* [Problem to solve]:
In the records below, repeat word for word only the lines starting at the one that contains "I'm going to" and ending at the one that contains "Fresh, fragrant and", pictures excluded.

* [Entries provided]:
== Segment start ==

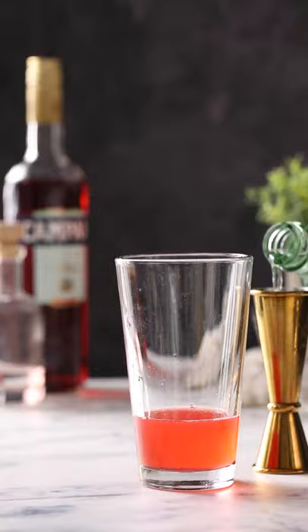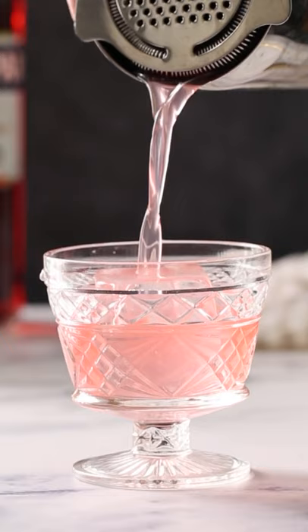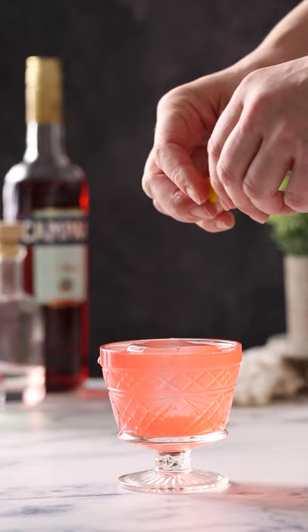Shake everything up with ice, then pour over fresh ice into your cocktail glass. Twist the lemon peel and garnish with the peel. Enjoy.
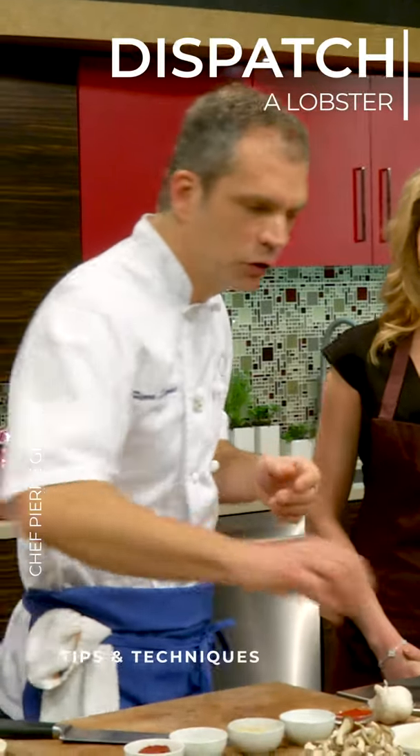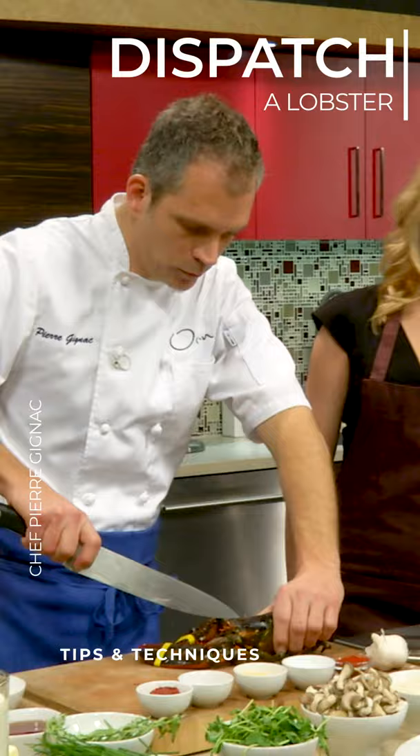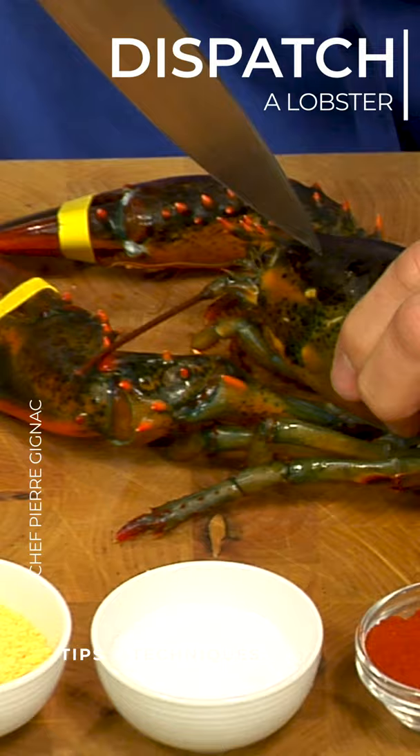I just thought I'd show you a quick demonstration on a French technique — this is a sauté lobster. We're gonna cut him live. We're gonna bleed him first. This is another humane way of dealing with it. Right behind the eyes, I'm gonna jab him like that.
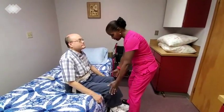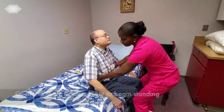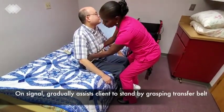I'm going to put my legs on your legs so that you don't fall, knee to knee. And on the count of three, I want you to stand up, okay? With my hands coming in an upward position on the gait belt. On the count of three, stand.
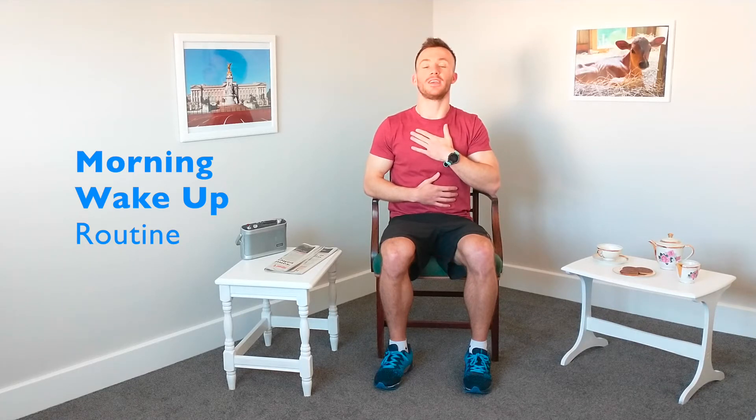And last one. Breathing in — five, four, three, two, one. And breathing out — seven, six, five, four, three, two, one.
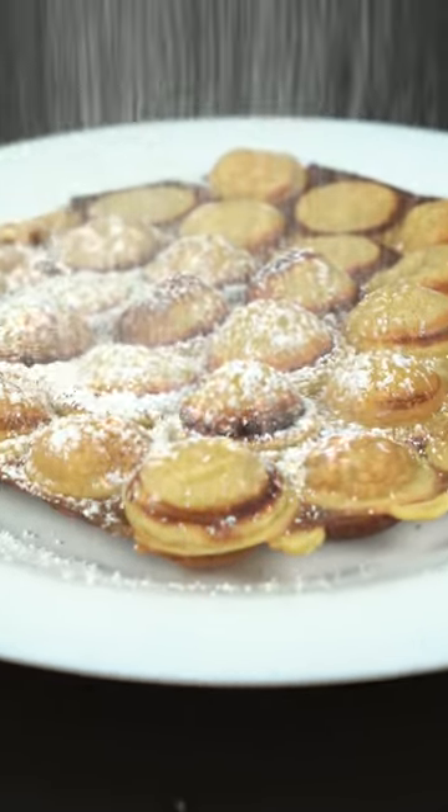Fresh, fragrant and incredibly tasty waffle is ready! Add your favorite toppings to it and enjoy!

== Segment end ==
== Segment start ==

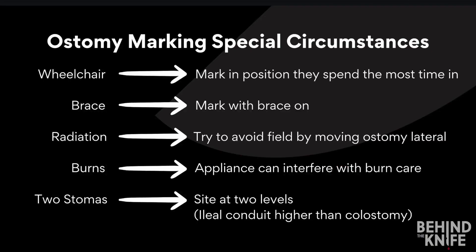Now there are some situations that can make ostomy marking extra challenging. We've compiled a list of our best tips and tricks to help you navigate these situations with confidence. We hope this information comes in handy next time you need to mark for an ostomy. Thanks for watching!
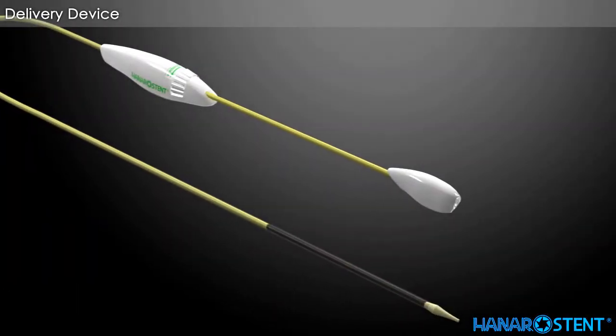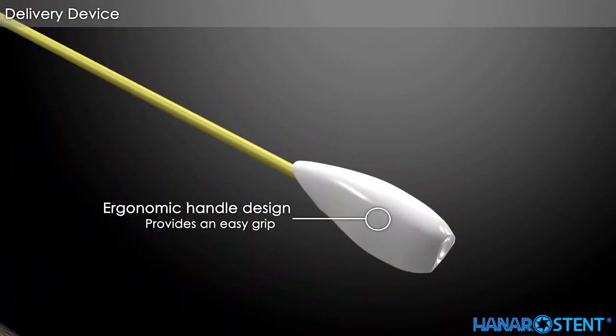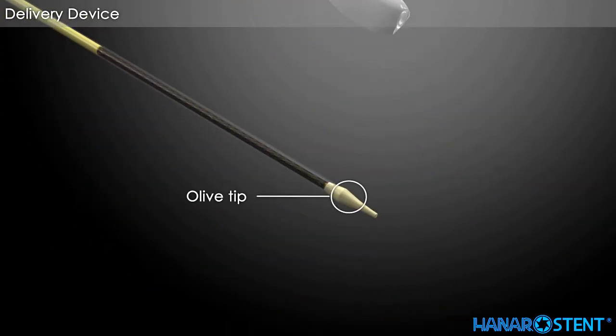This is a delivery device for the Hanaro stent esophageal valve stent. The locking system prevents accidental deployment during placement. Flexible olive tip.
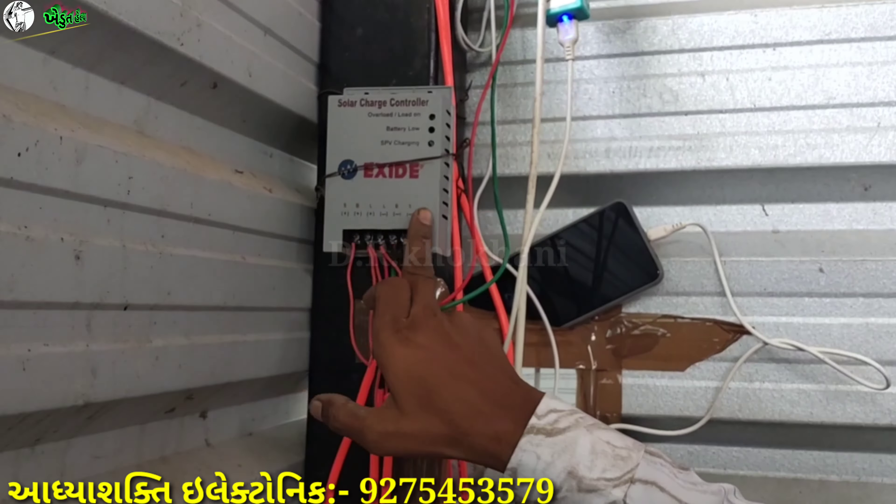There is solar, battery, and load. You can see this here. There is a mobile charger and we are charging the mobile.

== Segment end ==

* [Reply to the exercise]:
I'm going to put my legs on your legs so that you don't fall, knee to knee. And on the count of three, I want you to stand up, okay? With my hands coming in an upward position on the gait belt. On the count of three, stand.
And last one. Breathing in — five, four, three, two, one. And breathing out — seven, six, five, four, three, two, one.
Fresh, fragrant and incredibly tasty waffle is ready! Add your favorite toppings to it and enjoy!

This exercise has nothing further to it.